On August 28, the Senate approved the nomination of Lynn Johnson to become the new Assistant Secretary for the Administration for Children and Families (ACF) or as the Administration refers to it as, the Office of Family Support. The vote was 67-28. Senator Ron Wyden (D-OR) had placed a hold on her nomination moving forward over several issues. He relented when in his remarks he indicated that he had received some assurances regarding immigrant issues and the treatment of families separated at the border and the structure in the Office of Refugee Resettlement. Johnson’s experience includes her current role as Executive Director of Jefferson County Human Services. She has also run a consulting firm that focused on mental health, high-risk youth, and child welfare. Johnson will be expected to oversee a wide range of more than 60 programs; making it the second largest agency in the U.S Department of Health and Human Services.
Previous to the Johnson action, the Senate Finance Committee held a hearing on the nomination of Elizabeth Darling to head up the Office of Children Youth and Families (ACYF). She appeared before the Committee on Wednesday, August 22. The Commissioner of ACYF requires Senate confirmation (as does the Assistant Secretary for ACF).

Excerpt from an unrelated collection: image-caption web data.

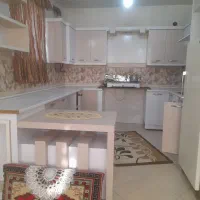 اجاره کوتاه مدت خانه سوئیت|اجارهٔ کوتاهمدت آپارتمان و سوئیت|مشهد, چهنو|دیوار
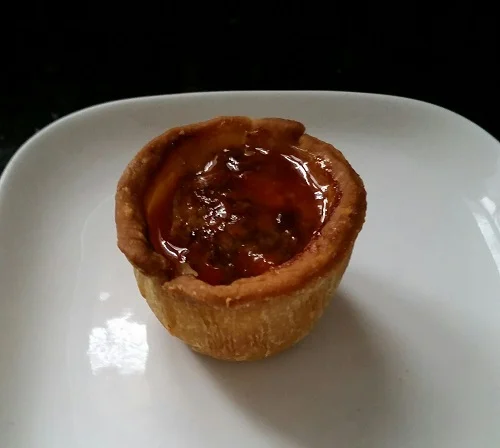 muffinchilli1 muffinchilli1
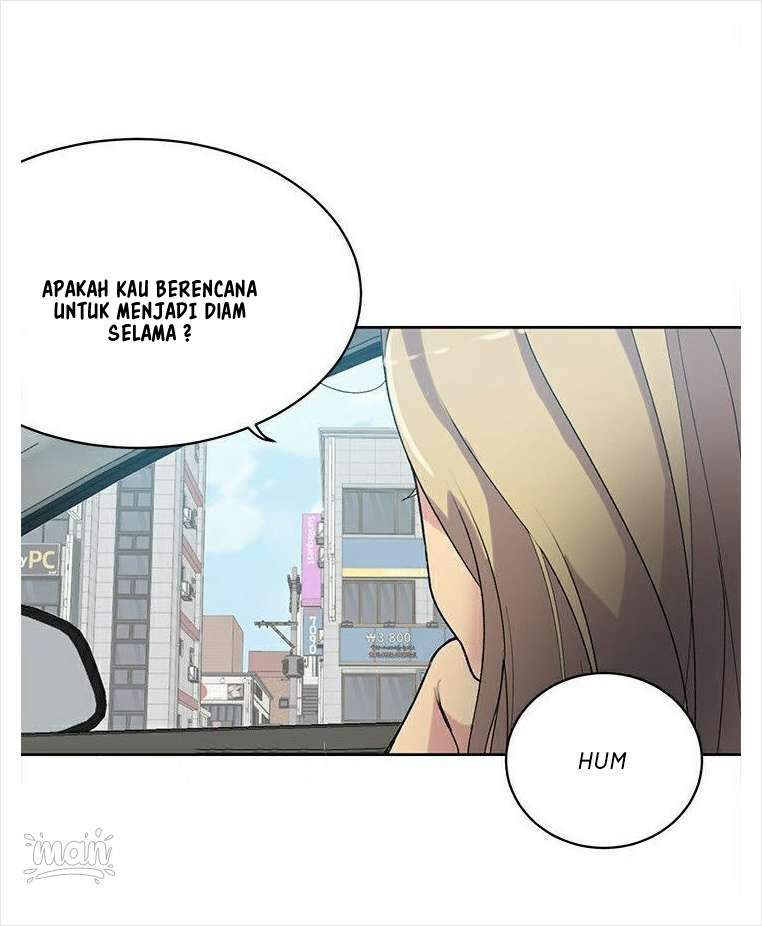 image-komik-pc-goddess-room-chapter-39-5/63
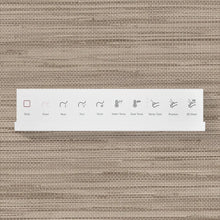 KOHLER C3-325 ROTATING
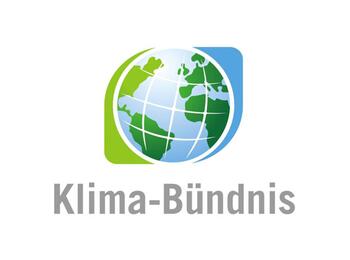 Klima-Bündnis
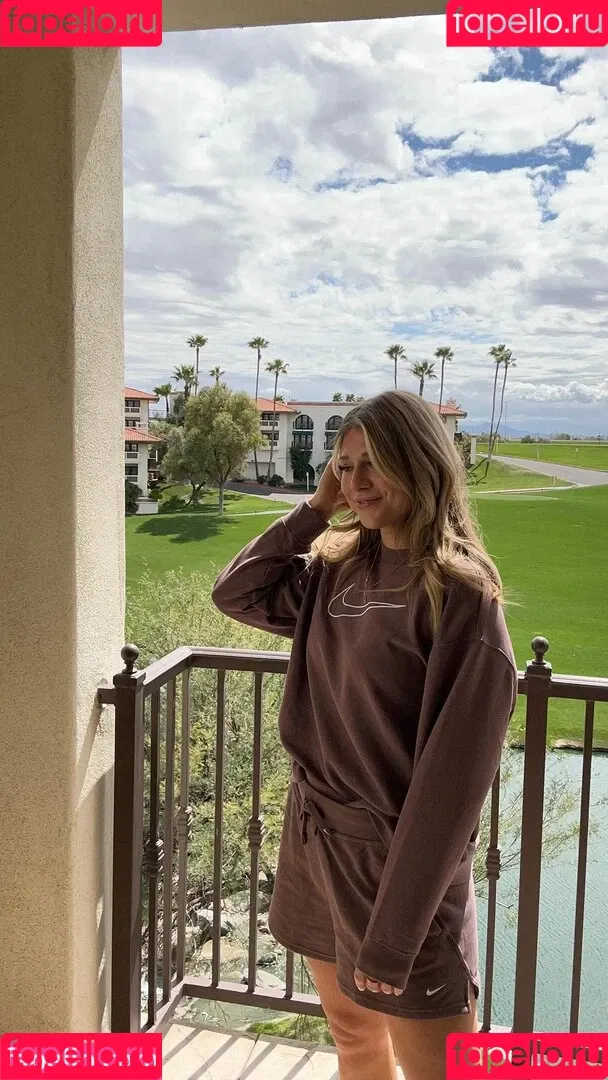 Dannie Rogers Onlyfans Photo Gallery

As currently structured you have the Secretary of HHS, under that position are the Assistant Secretary of ACF, under ACF is the Commissioner of ACYF and below this is the position Associate Commissioner of the Children’s Bureau and the Associate Commissioner of the Family and Youth Services Bureau (FYSB).
If Darling does successfully make it through that process, it would be the first time that an Administration has had a Commissioner of ACYF and heads of the Children’s Bureau and Family and Youth Services Bureau all at the same time since the George W. Bush Administration. In the Obama Administration the positions were shifted between appointments to either ACYF or the Children’s Bureau or a hybrid combination.
If confirmed, Darling would oversee billions of dollars of entitlements and grants meant to support child welfare services, such as adoption and foster care, and to prevent family violence, youth homelessness and teen pregnancy, among other issues. The office distribute roughly $6.2 billion in mandatory payments for foster care in 2018. And it also oversees discretionary funds of around $267 million for other child welfare services and a little more than $100 million for homeless youth programs.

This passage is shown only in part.